Passionsspiel in der Via Dolorosa, Jerusalem, 2005

Als Passionsspiel werden christliche geistliche Dramen um die Passion, das Leiden und Sterben Jesu von Nazaret bezeichnet. Karfreitagsspiele, Passionsspiele und die sich thematisch häufig überschneidenden Osterspiele waren im Mittelalter und in der frühen Neuzeit in ganz Europa verbreitet. Sie sind oft als vielstündige oder mehrtägige Aufführungen unter Mitwirkung von zahlreichen Schauspielern angelegt. Noch heute werden Passionsspiele vor allem in den katholisch geprägten Regionen Bayerns und Österreichs aufgeführt. Die bekanntesten Passionsspiele finden seit dem 17. Jahrhundert in ununterbrochener Tradition in Oberammergau statt.

Geschichte

Station des "Via Crucis Vivent" in Sant Hilari Sacalm (Katalonien)
Via Crucis Saarlouis 2005
Passionsspiel in Ołtarzew, Polen

Christliche Passionsspiele, eine unter den dramatischen Aufführungen des Mittelalters besonders häufig vertretene Art der geistlichen Spiele, welche ursprünglich wohl überall am Karfreitag aufgeführt wurden und sich aus der Karfreitagsfeier selbst und aus den mimischen Darstellungen, die bei derselben in vielen Kirchen stattfinden, entwickelt hatten.

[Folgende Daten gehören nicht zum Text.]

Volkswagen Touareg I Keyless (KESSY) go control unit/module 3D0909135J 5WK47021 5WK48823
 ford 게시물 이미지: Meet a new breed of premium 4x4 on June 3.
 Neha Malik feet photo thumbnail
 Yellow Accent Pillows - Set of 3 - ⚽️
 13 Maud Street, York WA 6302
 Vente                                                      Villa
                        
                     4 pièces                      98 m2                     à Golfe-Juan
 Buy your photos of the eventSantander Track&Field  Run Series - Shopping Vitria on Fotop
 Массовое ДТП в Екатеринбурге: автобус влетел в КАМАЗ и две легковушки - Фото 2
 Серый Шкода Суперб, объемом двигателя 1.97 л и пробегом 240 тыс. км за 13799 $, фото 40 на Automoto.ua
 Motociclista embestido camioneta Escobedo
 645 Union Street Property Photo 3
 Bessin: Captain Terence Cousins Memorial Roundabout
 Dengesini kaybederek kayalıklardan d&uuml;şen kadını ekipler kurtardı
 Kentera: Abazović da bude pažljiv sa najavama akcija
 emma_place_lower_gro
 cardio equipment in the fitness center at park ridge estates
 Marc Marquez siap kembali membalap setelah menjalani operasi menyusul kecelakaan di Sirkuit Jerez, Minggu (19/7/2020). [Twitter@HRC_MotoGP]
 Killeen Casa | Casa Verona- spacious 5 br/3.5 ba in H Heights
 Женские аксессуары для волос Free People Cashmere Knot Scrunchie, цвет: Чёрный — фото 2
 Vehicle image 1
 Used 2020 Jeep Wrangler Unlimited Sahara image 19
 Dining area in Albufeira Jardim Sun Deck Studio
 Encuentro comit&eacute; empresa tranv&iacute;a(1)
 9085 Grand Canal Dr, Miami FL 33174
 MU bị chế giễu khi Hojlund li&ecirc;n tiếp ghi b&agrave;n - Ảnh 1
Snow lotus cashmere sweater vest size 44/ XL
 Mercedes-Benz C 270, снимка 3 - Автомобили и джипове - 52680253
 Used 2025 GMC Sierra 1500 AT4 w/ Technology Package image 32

Sämtliche Passionsspiele haben das Leiden und den Tod des Erlösers zur Haupthandlung, und schon hieraus und aus dem engen Anschluss an die Erzählung der Evangelien ging ein im ganzen wesentlich epischer Charakter der Spiele hervor. Derselbe wurde dadurch verstärkt, dass der eigentlichen Darstellung der Passion meist die Vorführung anderer Episoden der heiligen Geschichte voranging (man begann gelegentlich mit der Schöpfung) und sich die ursprünglich älteren Osterspiele, welche die Szenen der Auferstehung zur Darstellung brachten, naturgemäß an die Kreuzigung und Grablegung Christi anreihten (weshalb die Passions- und Osterspiele meistenteils zusammen und oft an mehreren aufeinander folgenden Tagen aufgeführt wurden).

Wie weit die Ausführung eigentlicher Passionsspiele zurückreicht, ist nicht genau festzustellen; die Aufzeichnung auch nur der Szenarien und der in die Spiele verwobenen Gesänge erfolgte erst, als dieselben längst üblich waren. In Frankreich führten sie den Namen Mysterienspiel, der auch, nach Deutschland übergehend, wesentlich nur den Spielen zugeteilt wurde, welche die Leidens- und Auferstehungsgeschichte des Heilands zum Gegenstand hatten, während die dramatische Vorführung von Legendenstoffen mit dem Namen Mirakel belegt wurde.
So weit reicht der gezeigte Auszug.